PiTeR balance tuning

Back to PiTeR balancing and driving

Here is how I went about tuning PiTeRs PID balancing algorithm. I have read lots of conflicting advice on various great sites across the net, but this is what worked for me. It is a bit more procedural than most, and as such is probably more repeatable. I don't recommend changing the parameters willy-nilly, there are just too many combinations. Like the proverbial monkeys, you are very unlikely to come up with the PID equivalent of Romeo and Juliet at random. That being said, I found the balancing algorithm still worked as I added extra hardware like the head and speaker. It follows that if you construct your robot with roughly the same dimensions as PiTeR, the tunings supplied in the open source code (in sketch/PiTeR/PiTeR.ino) may well just work for you.

---

Tune the Proportional term (Kp) Start with a Kp value that is just lower than is necessary to get the robot to the vertical. Set Ki and Kd to zero during this step. Start with a low Kp so that the robot leans against your finger because it is not producing enough torque to overcome gravity. Now move your finger away from the robot so that the lean angle is increased. The robot should compensate with increased torque to the wheels and will ‘follow’ your finger rather than allowing the angle to increase. Keep increasing Kp until it does this. Note this lower bound of Kp.
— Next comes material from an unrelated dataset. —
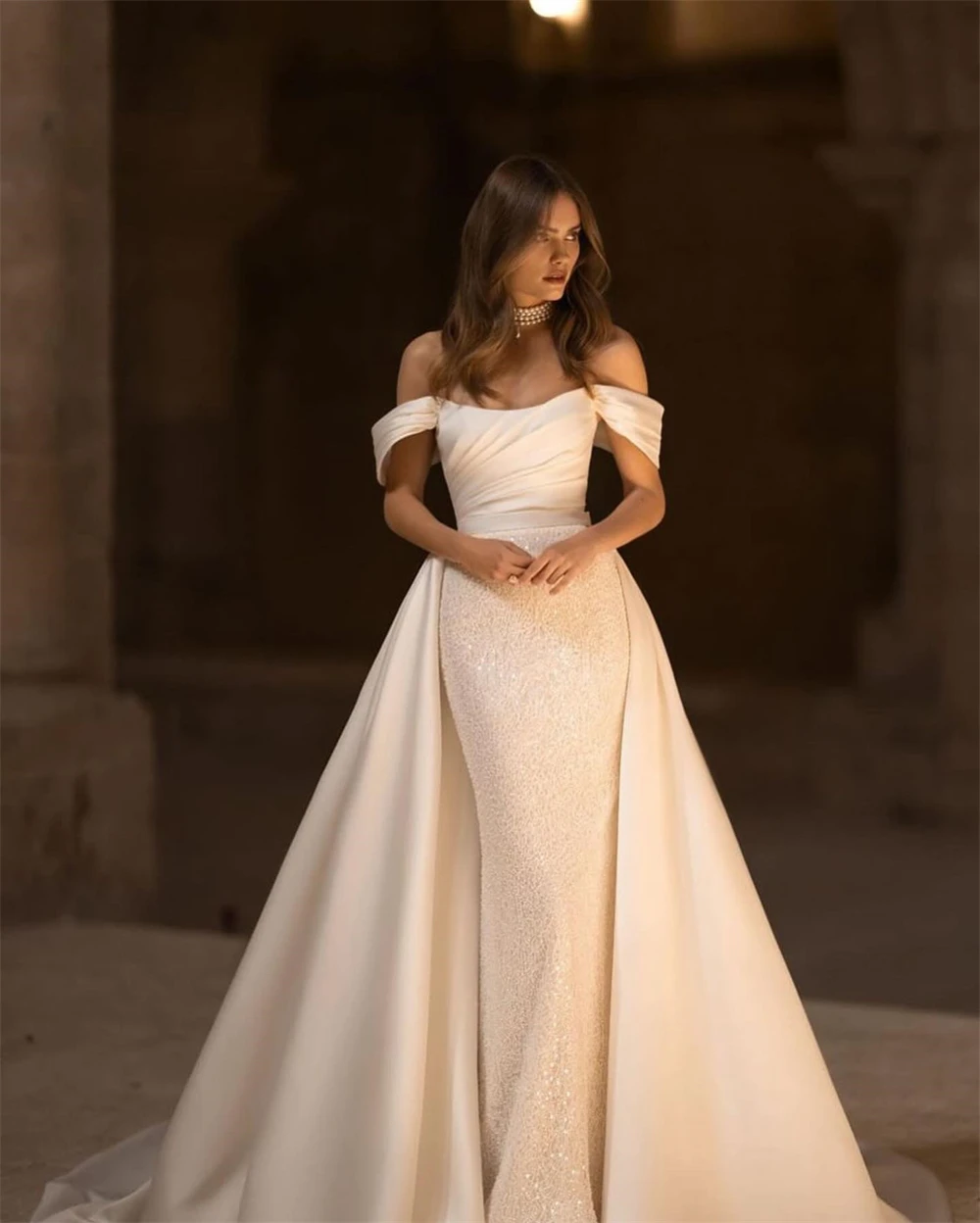 Vestido De Novia De satén blanco sirena elegante personalizado, exquisito Vestido De Novia sin tirantes, vestidos De Novia clásicos con hombros descubiertos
Gradually continue to increase Kp until the robot produces enough torque to pass the vertical and head off in the opposite direction from your finger. Be ready to catch it with your other hand! When it does this, you have gone too far, back off Kp one notch at a time until it once again obediently but lightly follows your finger. Note the upper bound of the Kp range.

---

Tune the Integral term (Ki) Now set Kp to a value midway between the lower and upper bounds and turn your attention to Ki. Increase Ki until your robot stands on its own. Do not increase Ki past this point or you will just introduce undesirable overshoot.
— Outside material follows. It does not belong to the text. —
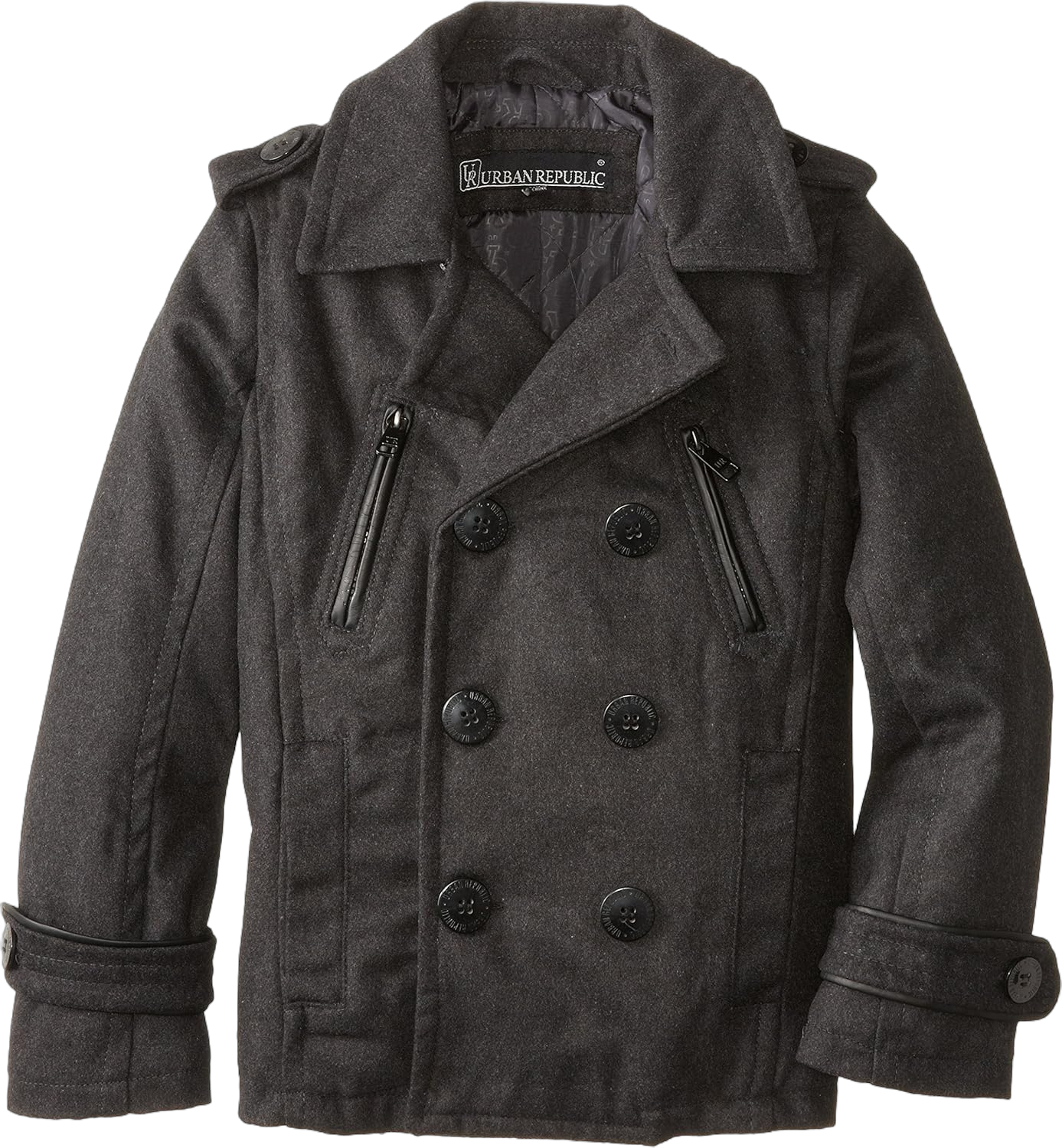 Urban Republic Big Boys' Wool Blend Peacoat Big 18/20 Charcoal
Now observe the balancing behaviour. The value of the Ki term continuously flips from positive to negative which introduces oscillation. If the robot oscillates over too large a distance, set Ki back to zero and increase Kp one notch. Now increase Ki until the robot stands once more. You should find that Ki is lower than it was at the previous attempt. The oscillation should also be reduced, because we are supplying more proportional torque and less integral torque. Integral torque comes from the accumulation of error and so takes time to build up and time to reduce. It is this lag which causes the oscillation.
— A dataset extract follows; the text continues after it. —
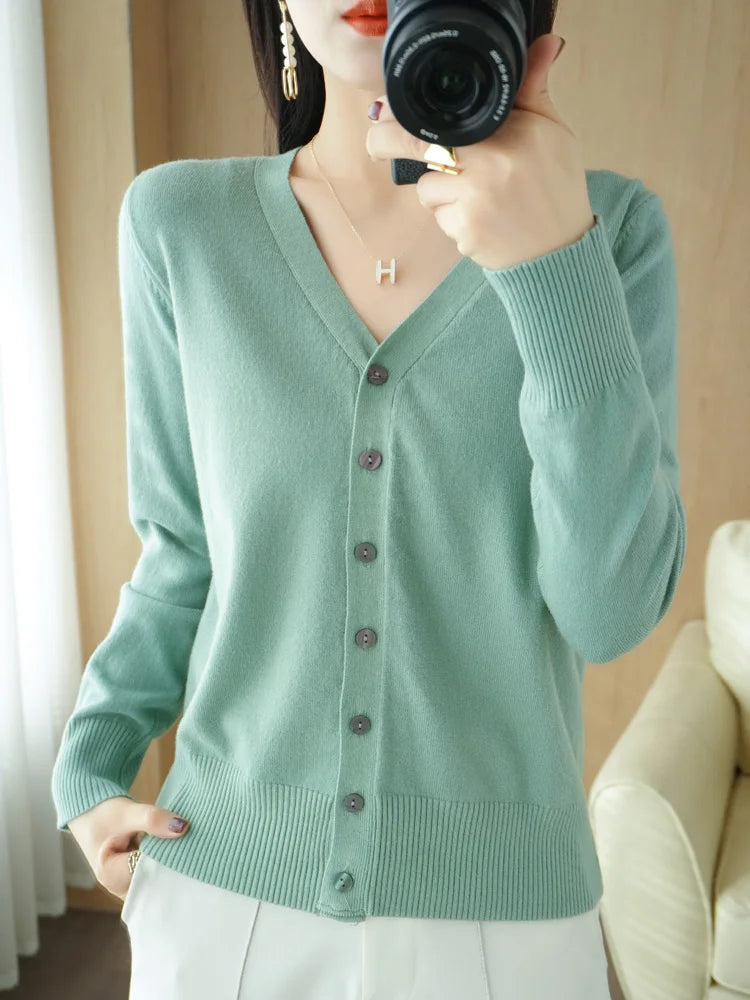 Cashmere Cardigan for Women - V-Neck Oversized Loose Fit for Autumn Wear 1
Keep adjusting Kp and Ki until your robot stands up without continuously oscillating back and forth. Try for a clean release with the robot at the set point. You may need to release the robot many times to satisfy yourself that you have reached the optimum tuning of Kp and Ki. Do not worry too much about the recovery from a loss of balance at this time. Do record how long the robot stands before falling away from a clean release. Longer is better.

---

Tune the Derivative term (Kd) Having reached an ideal value for Ki we are ready to dial in some Kd. As mentioned previously, Kd amplifies the difference between successive errors, it is thus very sensitive to random fluctuations of the sensors. The less we need the better if we are to avoid the jitters. The derivative term comes into play when an already stable system receives some disturbance. It acts to damp oscillation resulting from the disturbance. In the case of a balancing robot, such a disturbance can come from a push. Gravity will, however, quite happily take a minor bit of noise from the sensors and amplify it into a disturbance too. As we dial in more Kd we are looking to see a reduction in the length of time the robot takes to stop wobbling. If the robot turns jittery before you see a reduction in the oscillation, you may need to return to tuning Ki to reduce the natural oscillation present without damping.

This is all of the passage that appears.